Salimos al día siguiente a las cuatro de la mañana, para caminar hasta las diez y detenernos en las horas de calor del mediodía. Si todo iba bien, esa noche parábamos en la casita de piedra de don Víctor y, al otro día, cumpliendo los mismos horarios, llegábamos a San Juan de Oro.
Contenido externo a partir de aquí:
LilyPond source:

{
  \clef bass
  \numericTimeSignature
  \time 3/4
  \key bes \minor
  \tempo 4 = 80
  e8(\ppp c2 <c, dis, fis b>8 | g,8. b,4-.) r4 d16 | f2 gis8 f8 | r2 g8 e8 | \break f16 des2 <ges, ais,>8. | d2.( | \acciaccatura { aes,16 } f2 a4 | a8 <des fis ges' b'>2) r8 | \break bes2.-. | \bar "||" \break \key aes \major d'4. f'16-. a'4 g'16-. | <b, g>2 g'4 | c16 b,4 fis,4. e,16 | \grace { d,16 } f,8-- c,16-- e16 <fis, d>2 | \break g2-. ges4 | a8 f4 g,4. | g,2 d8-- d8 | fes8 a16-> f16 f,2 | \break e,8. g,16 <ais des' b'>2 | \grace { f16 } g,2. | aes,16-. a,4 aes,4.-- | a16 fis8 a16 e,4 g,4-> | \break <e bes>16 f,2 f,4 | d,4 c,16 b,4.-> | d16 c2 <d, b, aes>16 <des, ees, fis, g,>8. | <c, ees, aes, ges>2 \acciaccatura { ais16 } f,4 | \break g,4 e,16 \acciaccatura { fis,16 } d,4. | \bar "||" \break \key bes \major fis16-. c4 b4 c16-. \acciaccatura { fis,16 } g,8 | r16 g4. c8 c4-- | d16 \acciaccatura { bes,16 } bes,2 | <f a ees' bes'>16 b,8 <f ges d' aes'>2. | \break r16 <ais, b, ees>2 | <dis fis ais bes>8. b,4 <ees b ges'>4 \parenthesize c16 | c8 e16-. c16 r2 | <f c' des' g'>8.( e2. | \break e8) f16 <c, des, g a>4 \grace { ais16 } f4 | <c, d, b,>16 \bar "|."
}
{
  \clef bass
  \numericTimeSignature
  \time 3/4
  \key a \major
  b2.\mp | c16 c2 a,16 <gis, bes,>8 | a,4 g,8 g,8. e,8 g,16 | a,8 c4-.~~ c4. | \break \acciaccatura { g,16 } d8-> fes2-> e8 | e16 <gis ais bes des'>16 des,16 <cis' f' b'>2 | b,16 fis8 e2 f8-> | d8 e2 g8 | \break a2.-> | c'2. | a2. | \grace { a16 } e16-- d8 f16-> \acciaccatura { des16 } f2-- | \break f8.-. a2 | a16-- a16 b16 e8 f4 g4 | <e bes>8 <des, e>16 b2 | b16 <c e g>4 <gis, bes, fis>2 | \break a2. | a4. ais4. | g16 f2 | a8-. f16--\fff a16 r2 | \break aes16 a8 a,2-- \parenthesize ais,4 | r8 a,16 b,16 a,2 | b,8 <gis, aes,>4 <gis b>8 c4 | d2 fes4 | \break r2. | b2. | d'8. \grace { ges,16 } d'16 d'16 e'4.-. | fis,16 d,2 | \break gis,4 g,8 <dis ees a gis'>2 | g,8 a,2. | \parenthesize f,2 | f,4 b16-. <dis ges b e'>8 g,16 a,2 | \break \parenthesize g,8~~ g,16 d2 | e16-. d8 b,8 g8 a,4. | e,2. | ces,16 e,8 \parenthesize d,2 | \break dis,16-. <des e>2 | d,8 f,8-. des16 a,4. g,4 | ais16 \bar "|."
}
Atravesamos las pampas altas a eso de las cuatro de la tarde. Hubo que detenerse a tomar un té de yuyos, porque el mareo, la sensación de vacío, la ingobernabilidad del cuerpo nos tiró al piso, boqueando. De todos modos, no era cuestión de dejar que la noche nos agarrara allí porque el frío iba a terminar de liquidarnos. Al atardecer, don Víctor nos dijo que estábamos cerca y apuntó hacia el fondo de una quebradita polvorienta donde había un prisma de piedra irregular y diminuto: su casa. Nos mandó a buscar agua a una vertiente casi invisible en cuya orilla había que cavar para que el líquido llenara la cantimplora semienterrada; cocinamos en medio de la habitación, enceguecidos por el humo de las ramitas y el estiércol seco con que se prendió el fuego; tomamos la ginebra que habíamos llevado y comimos guiso de tasajo con fideos. Dormimos envueltos en mantas que olían a lana y cuero. Al día siguiente a mediodía, llegamos a San Juan de Oro, que era polvo y algunos muros de piedra. Don Víctor nos miraba como quien dice: “Ya se los había advertido”. Las casas abandonadas eran apenas túmulos grises y amarillentos. Por fin, don Víctor encontró a un compadre suyo que tenía la llave de la iglesia. Iluminado por el flash de nuestras cámaras y por un farol que trajo el hombre, apareció lo que veníamos buscando. No pintura cuzqueña como la de las iglesias de la quebrada, sino pintura popular: vírgenes y santos representados con los trazos, los gestos y las ropas de los reyes o sotas de la baraja española. El blanco de los fondos y el colorinche de las figuras conservaban su ingenua, casi desfachatada, nitidez. El hombre de la llave nos dijo que antes supo haber un órgano de cañas, pero que el obispado de Humahuaca lo había mandado retirar.
San Juan de Oro ya casi no existía como pueblo. Hoy, alguna guía de turismo aventurero afirma que es un lugar abandonado. Y el hombre que abrió la puerta de la iglesia seguramente ha muerto. Cuando empezamos la vuelta, en el alféizar de una ventana ciega de una casa abandonada encuentro las figuritas, modeladas en barro, de un pesebre. No me atrevo a tocarlas. Don Víctor, que me está observando, dice que si quiero llevarlas, no hay perjuicio.